**REQUIRED ACTION:** Find the lines below holding the word "bouquet" and copy each of them.

**PROVIDED DATA:**
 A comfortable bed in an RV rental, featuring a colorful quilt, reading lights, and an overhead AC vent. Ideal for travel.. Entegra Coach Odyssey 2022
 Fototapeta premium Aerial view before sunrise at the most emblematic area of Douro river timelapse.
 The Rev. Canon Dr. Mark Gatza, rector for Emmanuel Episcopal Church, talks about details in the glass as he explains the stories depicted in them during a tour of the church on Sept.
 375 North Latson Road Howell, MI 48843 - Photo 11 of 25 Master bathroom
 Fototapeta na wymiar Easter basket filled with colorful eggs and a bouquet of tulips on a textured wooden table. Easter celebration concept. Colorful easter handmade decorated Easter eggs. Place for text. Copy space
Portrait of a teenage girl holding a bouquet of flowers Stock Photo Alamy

---

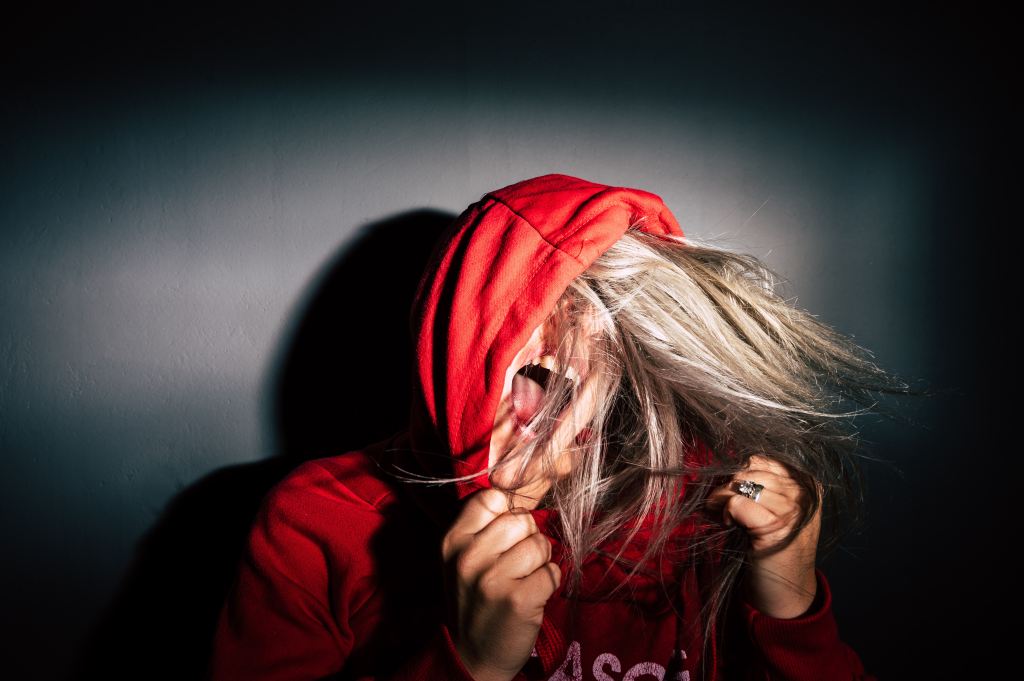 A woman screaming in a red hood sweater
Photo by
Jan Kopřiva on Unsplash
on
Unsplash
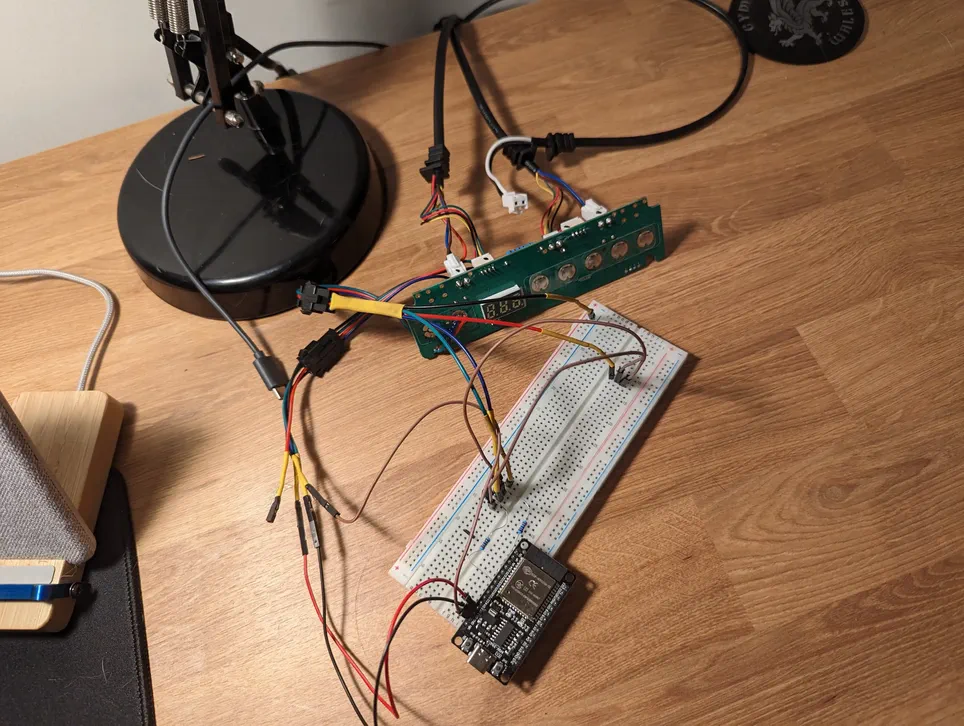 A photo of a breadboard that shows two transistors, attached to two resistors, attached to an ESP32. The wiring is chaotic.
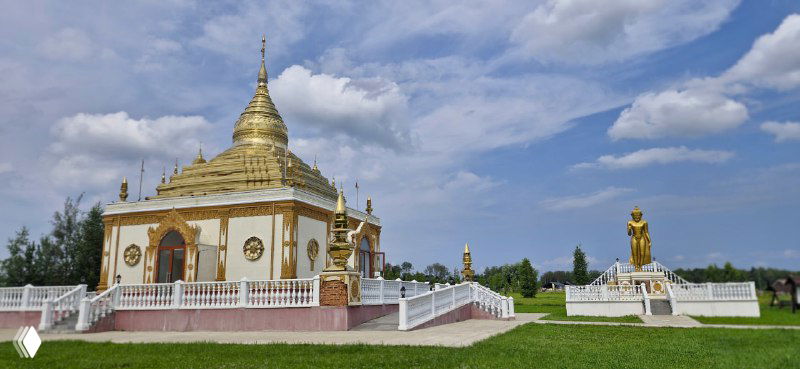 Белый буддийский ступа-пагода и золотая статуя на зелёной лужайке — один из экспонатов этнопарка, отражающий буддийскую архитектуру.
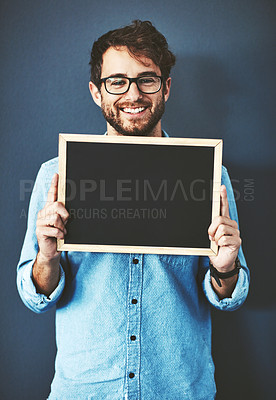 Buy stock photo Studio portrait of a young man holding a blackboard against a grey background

...

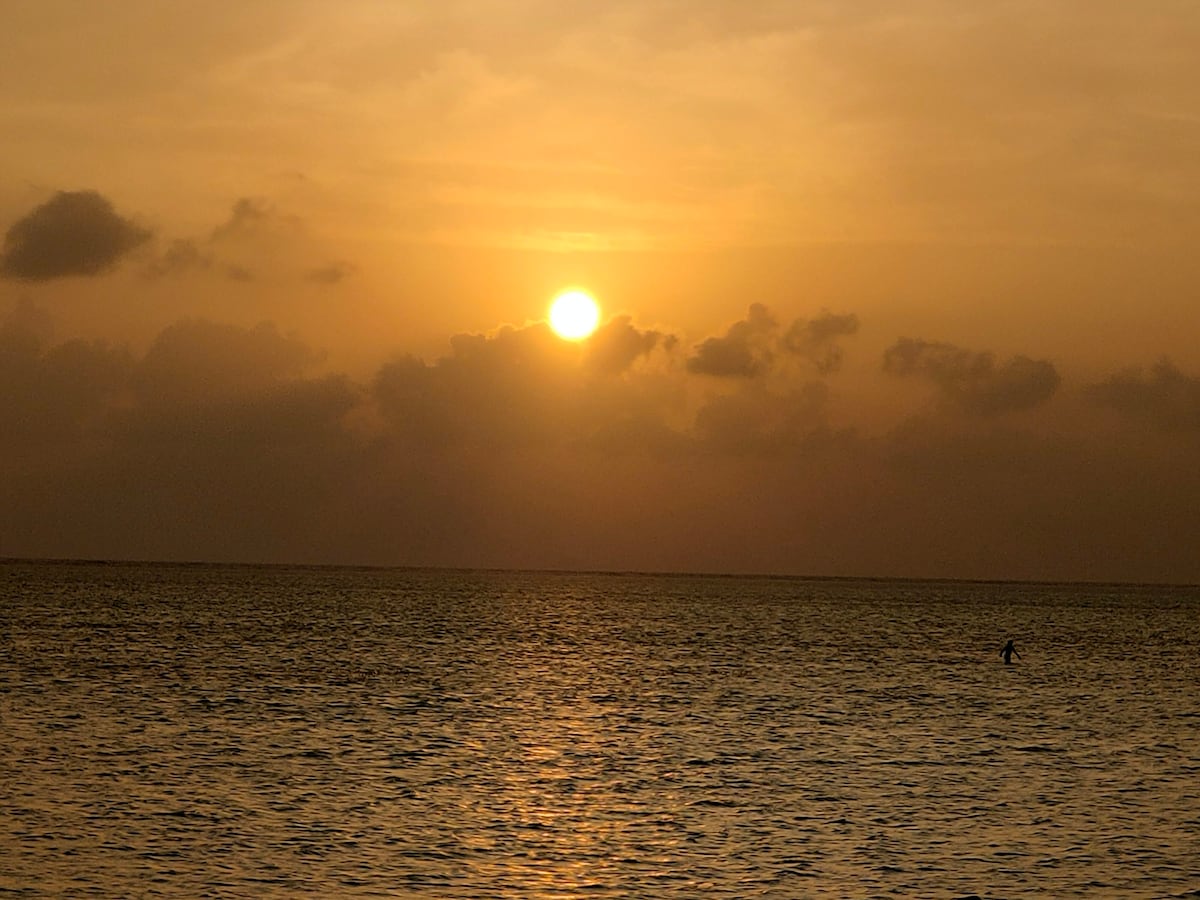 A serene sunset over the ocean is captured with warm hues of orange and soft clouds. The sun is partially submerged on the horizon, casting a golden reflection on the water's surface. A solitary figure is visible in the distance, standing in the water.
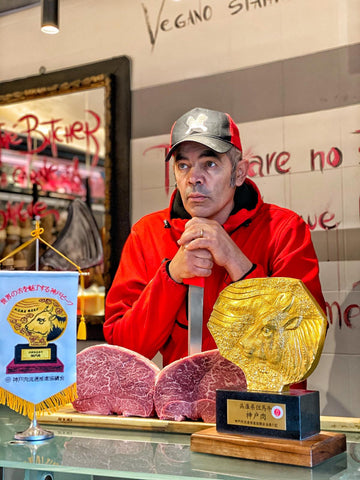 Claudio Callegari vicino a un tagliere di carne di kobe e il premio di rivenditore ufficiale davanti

**RESULT FOR THIS EXERCISE:**
 Fototapeta na wymiar Easter basket filled with colorful eggs and a bouquet of tulips on a textured wooden table. Easter celebration concept. Colorful easter handmade decorated Easter eggs. Place for text. Copy space
Portrait of a teenage girl holding a bouquet of flowers Stock Photo Alamy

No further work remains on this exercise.